Segundo a força-tarefa, operador portuário Libra fez pagamento de R$ 591 mil a empresa que está em nome de Cláudia Cruz

Por: Isadora Peron

 

A força-tarefa da Operação Lava Jato em Curitiba detectou um pagamento feito pelo Grupo Libra de mais de R$ 591 mil à Claudia Cruz, mulher do presidente da Câmara afastado, Eduardo Cunha (PMDB-RJ). Como mostrou o Estado em janeiro, foi graças a uma emenda parlamentar incluída por Cunha na nova Lei de Portos que o grupo obteve uma vantagem inédita para administrar uma área do Porto de Santos, em São Paulo. O Grupo Libra também foi um dos principais doadores de campanha do presidente em exercício Michel Temer em 2014.
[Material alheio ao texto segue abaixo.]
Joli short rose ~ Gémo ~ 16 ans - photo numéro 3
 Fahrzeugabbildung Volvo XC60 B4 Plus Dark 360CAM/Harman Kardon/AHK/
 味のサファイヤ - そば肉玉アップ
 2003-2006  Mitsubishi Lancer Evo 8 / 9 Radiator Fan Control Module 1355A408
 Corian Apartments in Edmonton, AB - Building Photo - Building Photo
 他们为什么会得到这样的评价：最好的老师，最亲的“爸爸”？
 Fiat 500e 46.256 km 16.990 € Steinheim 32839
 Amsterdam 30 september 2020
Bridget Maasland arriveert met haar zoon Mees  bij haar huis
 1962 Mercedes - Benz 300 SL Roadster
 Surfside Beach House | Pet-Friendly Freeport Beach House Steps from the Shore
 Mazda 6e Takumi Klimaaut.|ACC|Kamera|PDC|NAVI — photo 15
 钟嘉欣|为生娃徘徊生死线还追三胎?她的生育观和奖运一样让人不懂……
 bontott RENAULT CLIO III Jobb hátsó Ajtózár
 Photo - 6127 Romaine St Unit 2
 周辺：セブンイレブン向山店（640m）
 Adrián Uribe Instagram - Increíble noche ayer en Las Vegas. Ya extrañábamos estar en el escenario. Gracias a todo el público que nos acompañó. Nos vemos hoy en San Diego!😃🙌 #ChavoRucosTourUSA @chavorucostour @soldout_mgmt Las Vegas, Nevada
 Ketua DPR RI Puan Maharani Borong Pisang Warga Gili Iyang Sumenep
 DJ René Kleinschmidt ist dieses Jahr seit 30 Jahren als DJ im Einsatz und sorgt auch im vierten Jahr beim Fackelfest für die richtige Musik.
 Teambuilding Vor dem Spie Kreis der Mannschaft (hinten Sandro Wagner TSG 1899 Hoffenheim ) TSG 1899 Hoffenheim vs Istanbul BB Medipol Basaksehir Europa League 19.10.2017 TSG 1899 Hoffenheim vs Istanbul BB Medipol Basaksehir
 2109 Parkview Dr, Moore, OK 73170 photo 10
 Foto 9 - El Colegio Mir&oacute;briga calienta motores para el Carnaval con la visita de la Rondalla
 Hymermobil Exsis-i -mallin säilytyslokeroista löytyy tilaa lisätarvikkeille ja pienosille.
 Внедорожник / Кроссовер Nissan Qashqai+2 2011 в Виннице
O pagamento foi feito a uma empresa que está no nome de Cláudia, a C3 Produções Artísticas, e que seria usada por ela para receber pela prestação de serviços, como a apresentação de eventos. Durante depoimento prestado por Cláudia à força-tarefa, em 28 de abril, Cláudia afirmou não se recordar do motivo de ter recebido o dinheiro do Grupo Libra. O pagamento teria sido feito em 2007.  Ela disse também que não tinha relação comercial com nenhum dos acionistas da empresa, mas que conhecia "socialmente" Gonçalo Torrealba. A filha de Cunha, Danielle Dytz, classificou Gonçalo como "amigo" de seu pai. Procurada pela reportagem, a assessoria de imprensa do Grupo Libra disse que não havia conseguido contato com nenhum dos sócios para comentar o assunto.

 

 

Suíça. No depoimento, Cláudia afirmou que a conta que estava em seu nome na Suíça era “abastecida” pelo peemedebista, mas que ela nunca perguntou ao marido de onde vinha o dinheiro para custear os gastos da família no exterior. A jornalista declarou ainda que não fazia ideia de quanto ganhava um deputado federal e “auferia a renda com a atuação no mercado financeiro e empresarial” desenvolvida pelo marido antes de entrar para a política. Cláudia acrescentou que“ não declarou as contas às autoridades brasileiras porque quem era o responsável por isso” era Cunha. A filha de Cunha, Danielle Dytz, também prestou depoimento. Assim como Cláudia, ela disse nunca ter questionado Cunha sobre a origem do dinheiro.

À Lava Jato, Danielle afirmou que, apesar de ter uma empresa em seu nome e rendimento mensal que variava entre R$ 5 mil e R$ 10 mil, seu pai “sempre gerenciou a sua vida financeira, mesmo quando foi casada, não vendo nenhum problema nesse fato”.